- **Exercise details**: Transcribe the whole listing exactly; the images stay out.

____ Given data

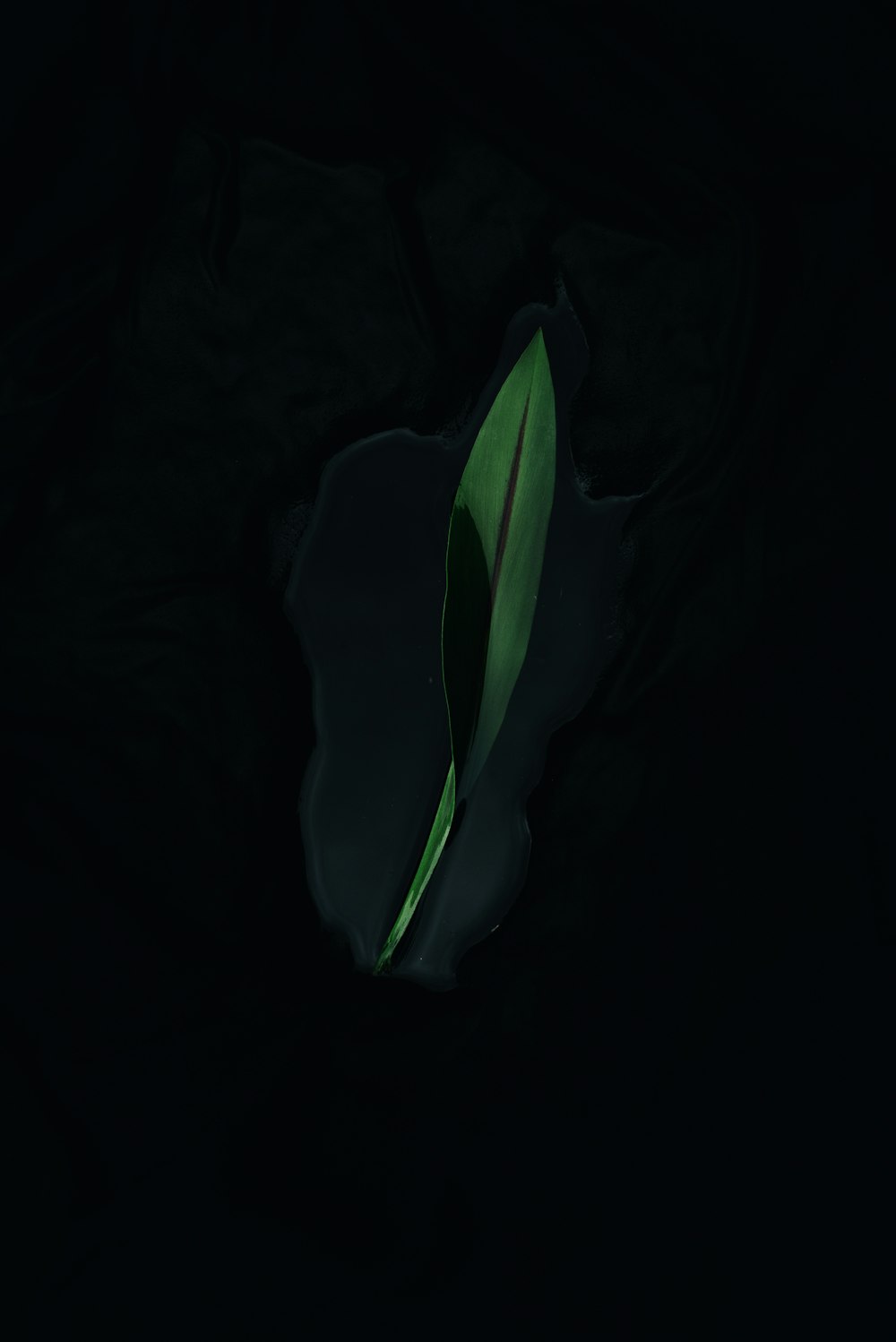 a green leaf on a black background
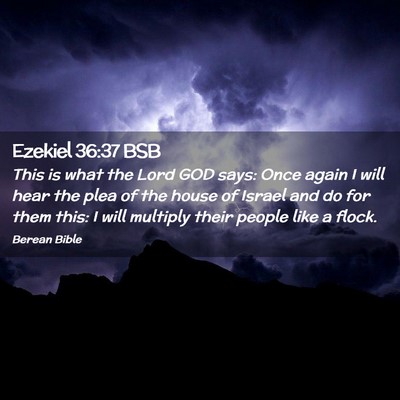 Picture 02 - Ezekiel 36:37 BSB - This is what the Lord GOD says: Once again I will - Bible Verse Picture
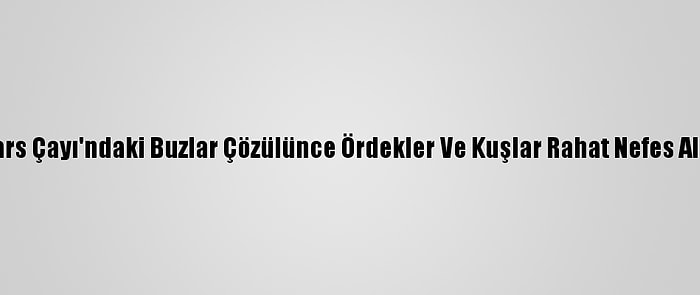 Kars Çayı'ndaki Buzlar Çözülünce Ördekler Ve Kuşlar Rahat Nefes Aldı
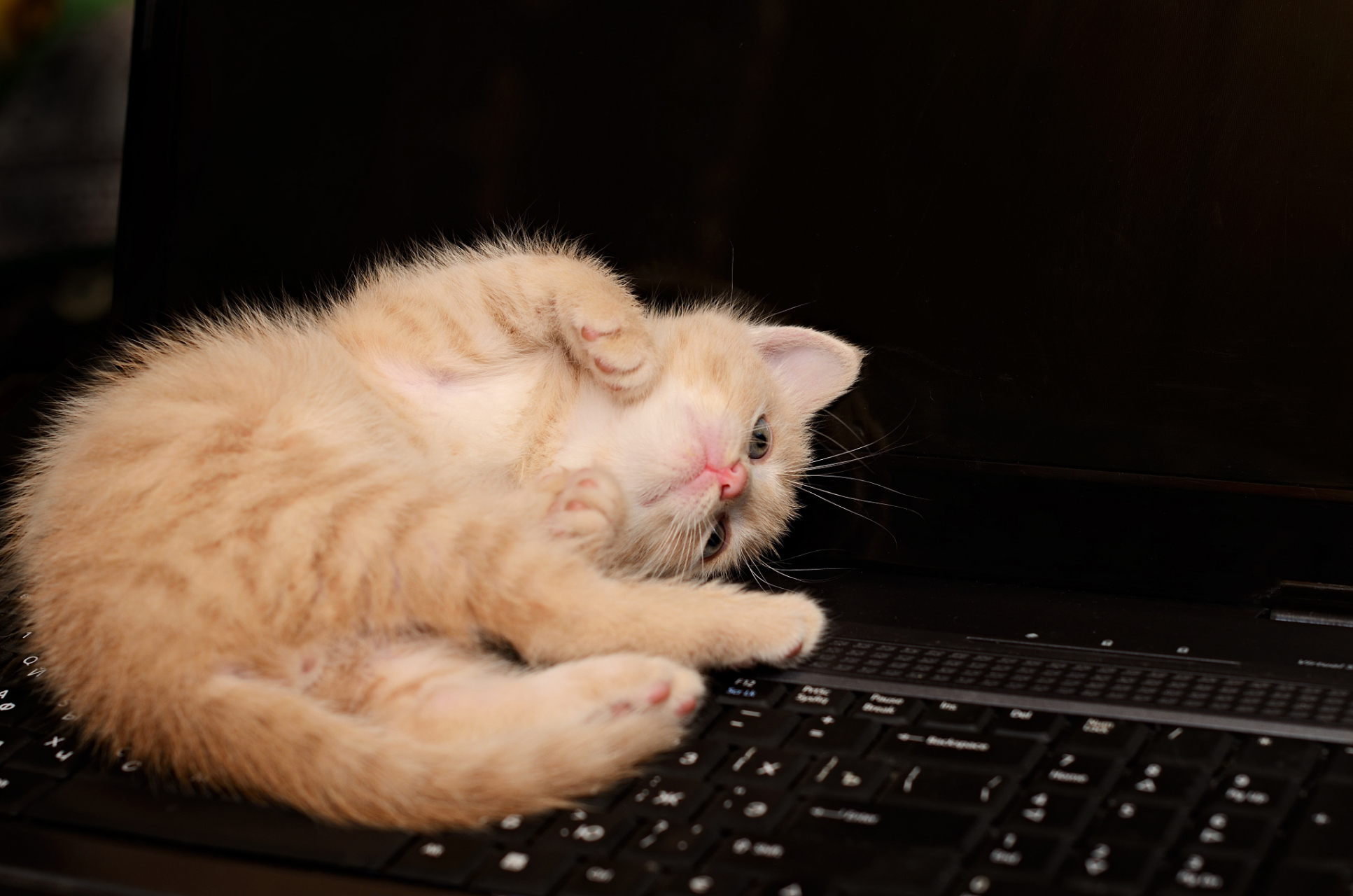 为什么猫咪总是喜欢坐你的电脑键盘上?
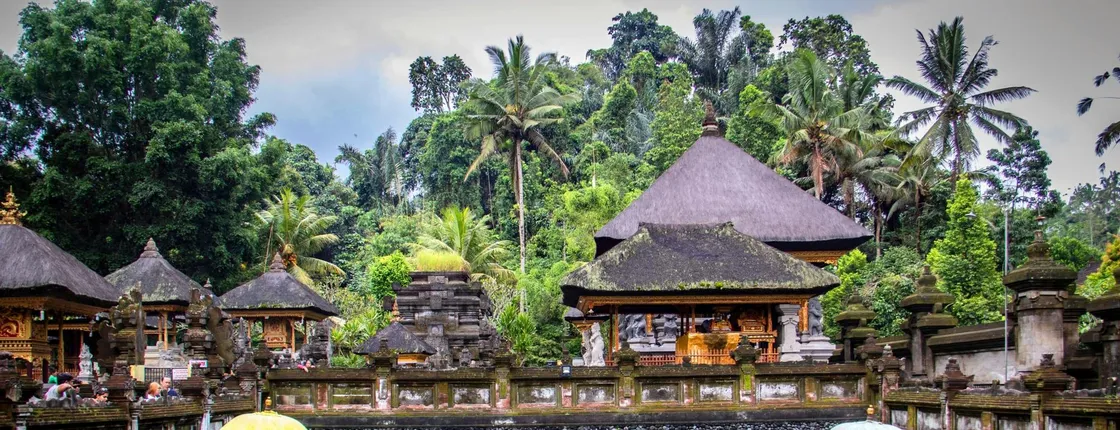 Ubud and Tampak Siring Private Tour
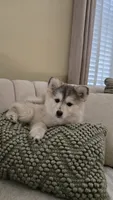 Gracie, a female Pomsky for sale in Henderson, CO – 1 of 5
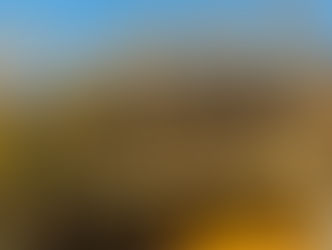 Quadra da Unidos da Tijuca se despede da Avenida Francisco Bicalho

________

- **Answer area**:
 a green leaf on a black background
 Picture 02 - Ezekiel 36:37 BSB - This is what the Lord GOD says: Once again I will - Bible Verse Picture
 Kars Çayı'ndaki Buzlar Çözülünce Ördekler Ve Kuşlar Rahat Nefes Aldı
 为什么猫咪总是喜欢坐你的电脑键盘上?
 Ubud and Tampak Siring Private Tour
 Gracie, a female Pomsky for sale in Henderson, CO – 1 of 5
 Quadra da Unidos da Tijuca se despede da Avenida Francisco Bicalho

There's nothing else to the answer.